Though wage pressures are easing because of a recent expansion of the labor pool and fewer people changing jobs, the annual growth in average hourly earnings remains above the 3.5% that economists say is consistent with the Fed’s 2% target.
“We’ll see a significant deceleration in growth in the fourth quarter, but not in a way that we’re plunging into any kind of recession,” said Sean Snaith, director of the University of Central Florida’s Institute for Economic Forecasting.
Economists were split on the impact of record-breaking labor contracts, including the ones scored by the UAW, airline pilots and the union representing UPS workers, on wage inflation.
Some argued that the recent surge in worker productivity, if maintained, would be enough to offset the higher compensation. Others pointed out that the U.S. economy was now predominantly based on services, which would make it harder to boost productivity.
Ebbing labor market momentum was also evident in the smaller household survey, from which the unemployment rate is derived. Household employment fell 348,000, accounting for the rise in the jobless rate. The strike also impacted the unemployment rate. About 201,000 people dropped out of the labor force.
That lowered the labor force participation rate, or the proportion of working-age Americans who have a job or are looking for one, to 62.7% from 62.8% in September.

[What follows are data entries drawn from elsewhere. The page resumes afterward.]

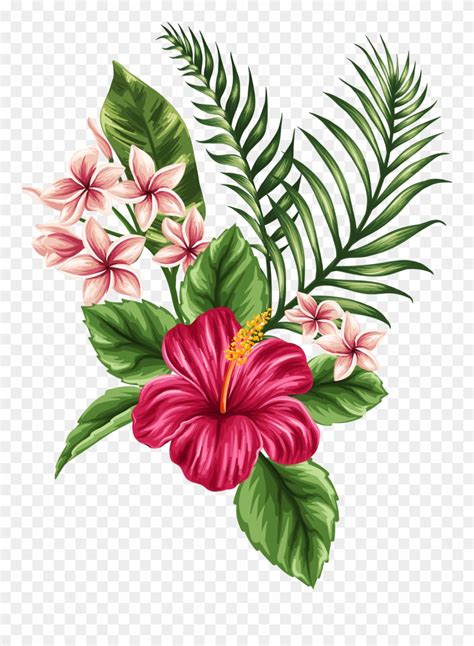 Watercolor Tropical Flowers Clipart Best Flower Site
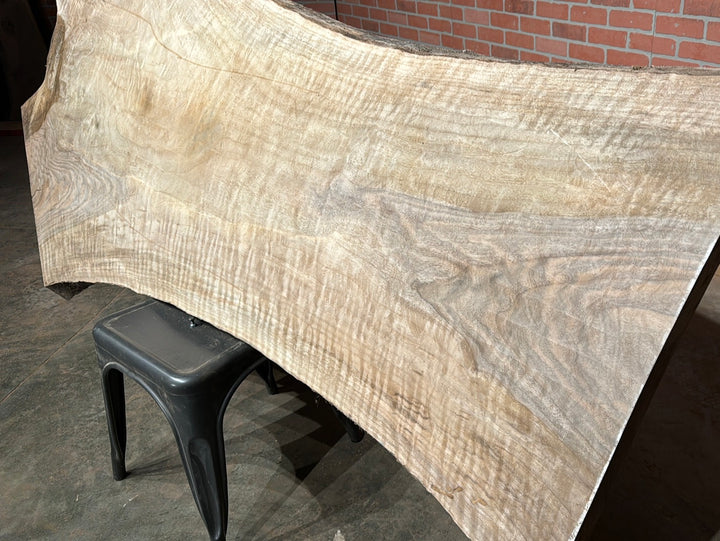 Bastogne / Paradox Black Walnut Live Edge Slab 2.125"T x 23"W to 45"W x 80"L # CY71768D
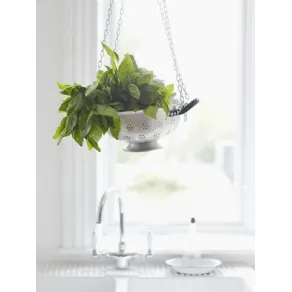 Idee per abbellire il giardino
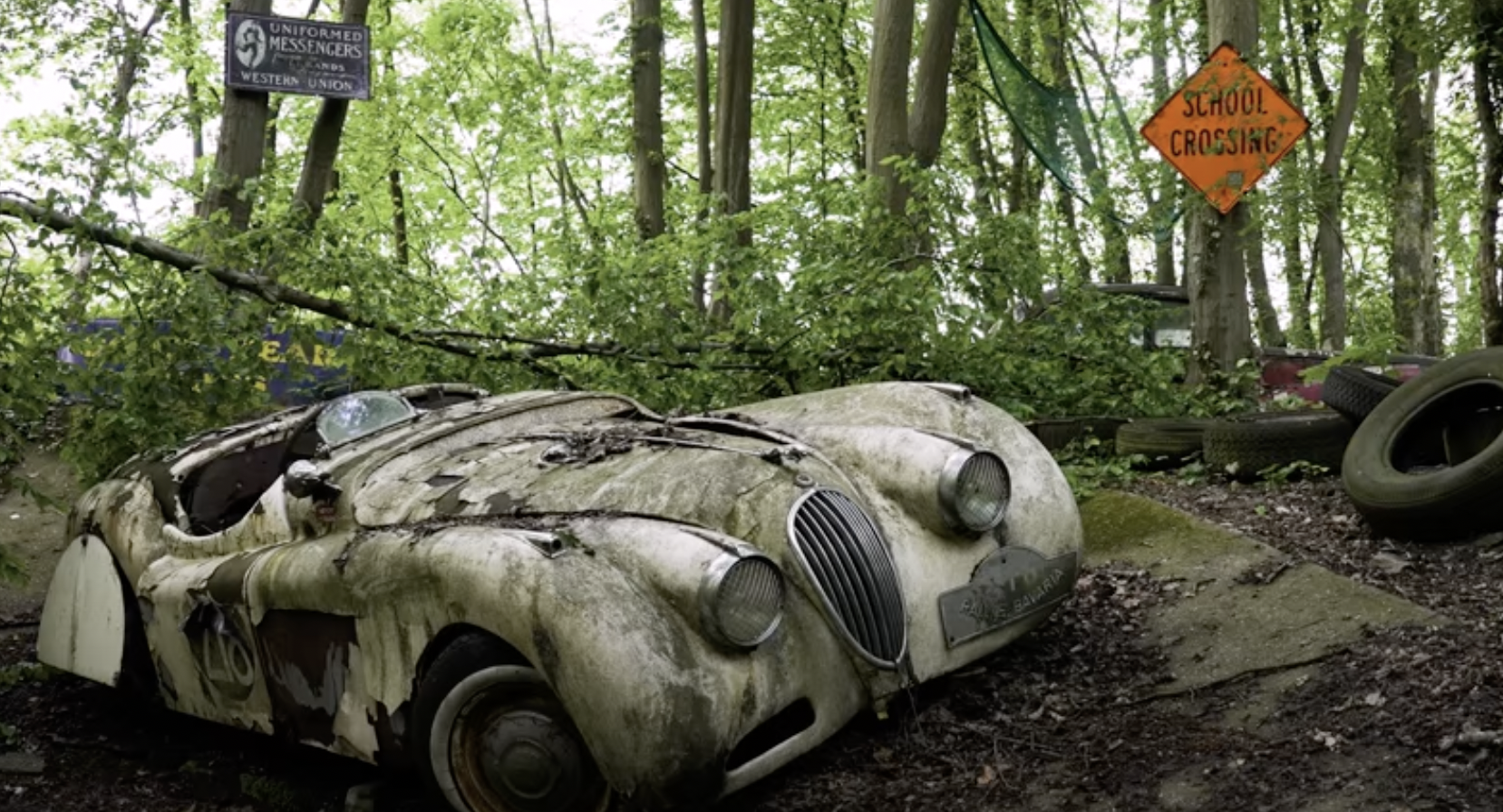 German Forest Conceals Millions of Dollars of Luxury Classic Cars Left to Rot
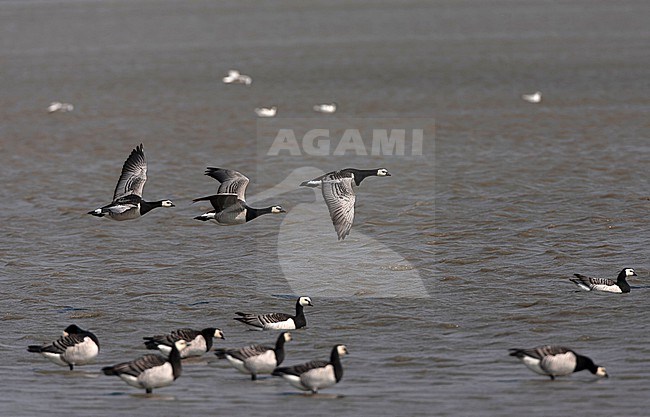 Wintering Barnacle Goose (Branta leucopsis) in the Netherlands. stock-image by Agami/Marc Guyt,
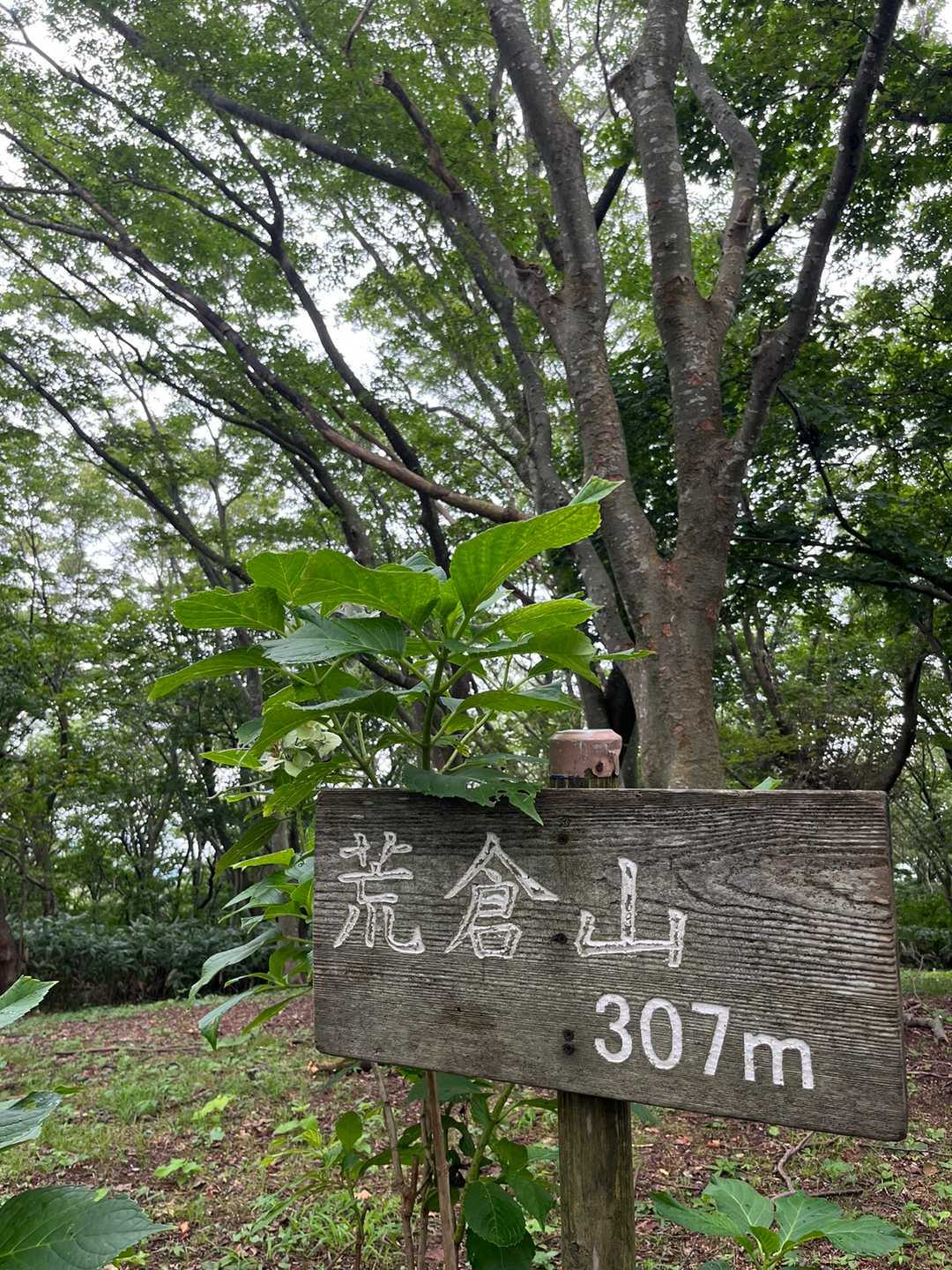 307mですが楽しめました！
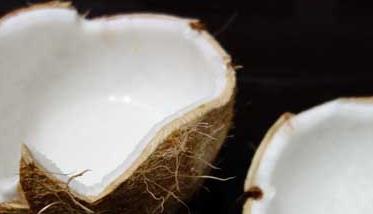 椰子的营养价值与食用功效 椰子的营养价值与食用功效是什么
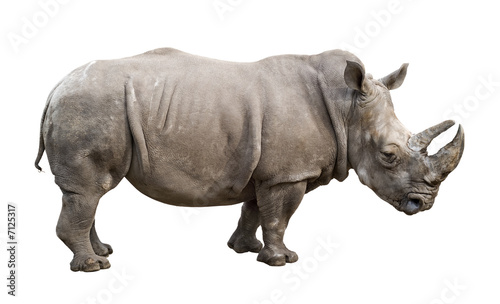 White rhino old male cutout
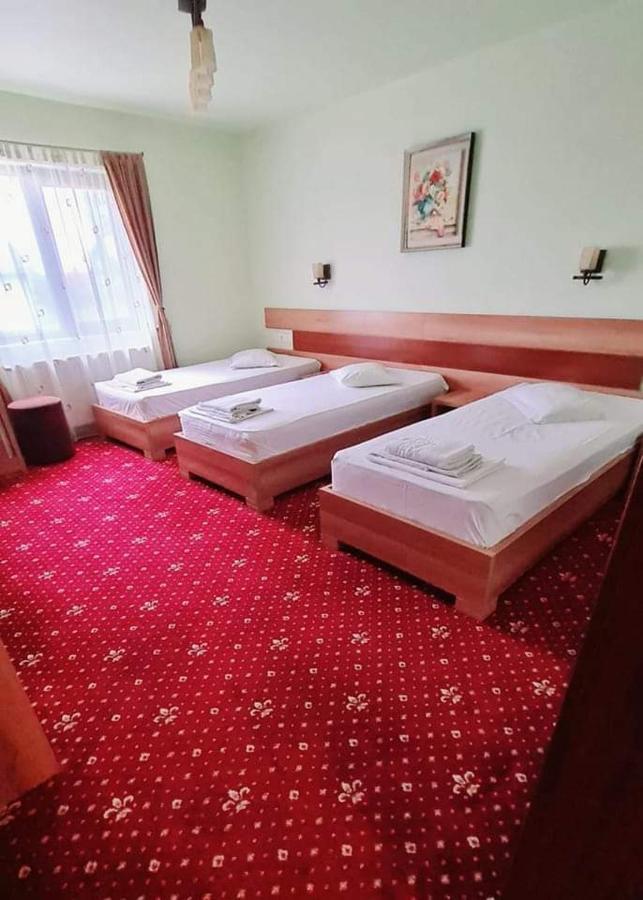 Motel Cool Bărcăneşti Pokoj fotografie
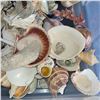 Image 6 : Large Plastic Tote of Various Sea Shells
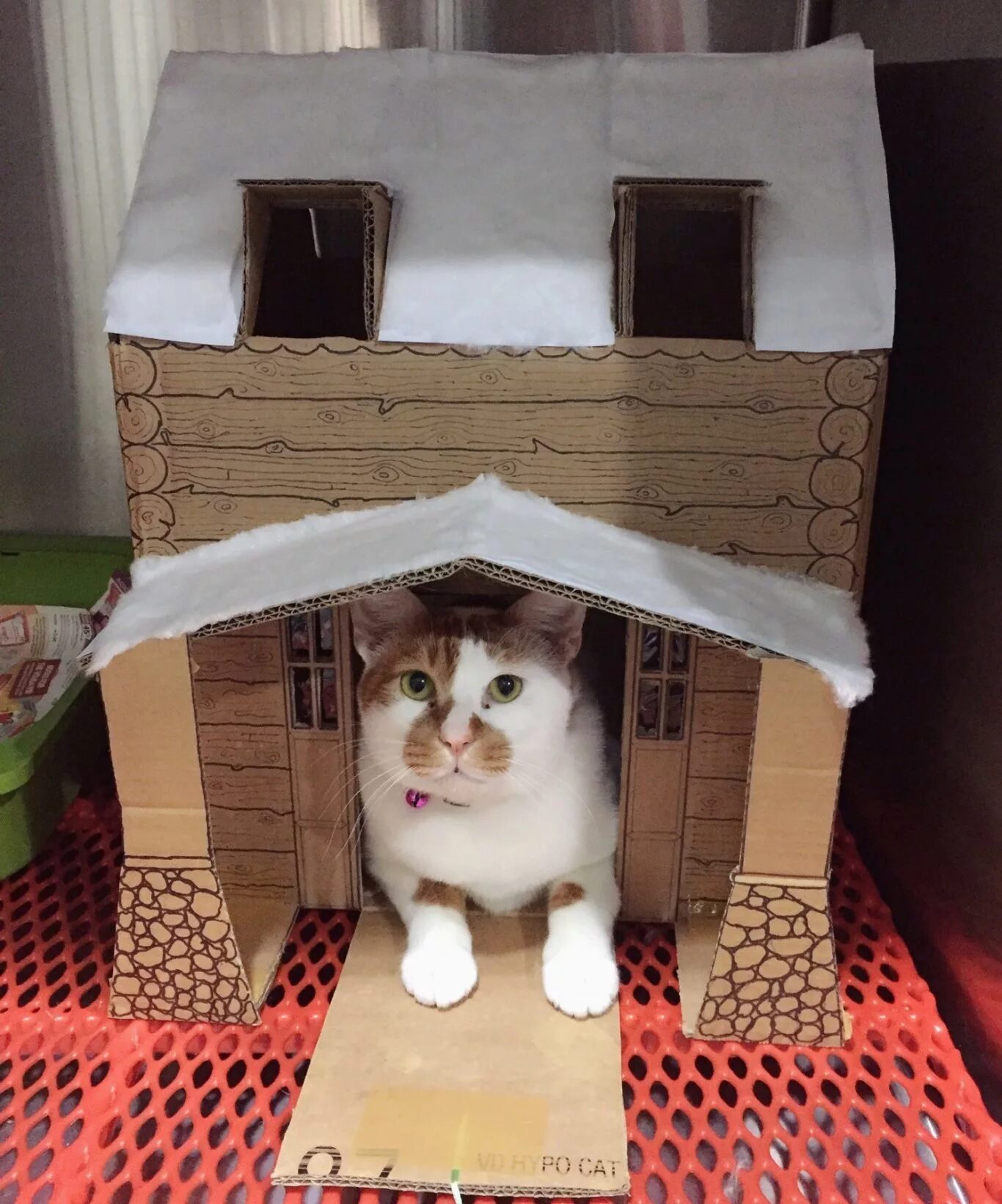 Сделать кота из коробки. Домик для кошки из коробки. Домик для кошки из коробок. Домики для котят из коробок. Домик для кошки из картона.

The prime-age group participation rate declined, mostly because of men dropping out of the labor force.
The ranks of Americans experiencing long-term unemployment increased 66,000 to 1.282 million. The number of people working part-time for economic reasons rose 218,000 to 4.283 million. There was also an increase in people working multiple jobs.
“October’s employment report, in conjunction with the third-quarter report on productivity and costs, clearly indicates that the economy has converged already to potentially a more sustainable path of low inflation and solid potential growth,” said Brian Bethune, an economics professor at Boston College.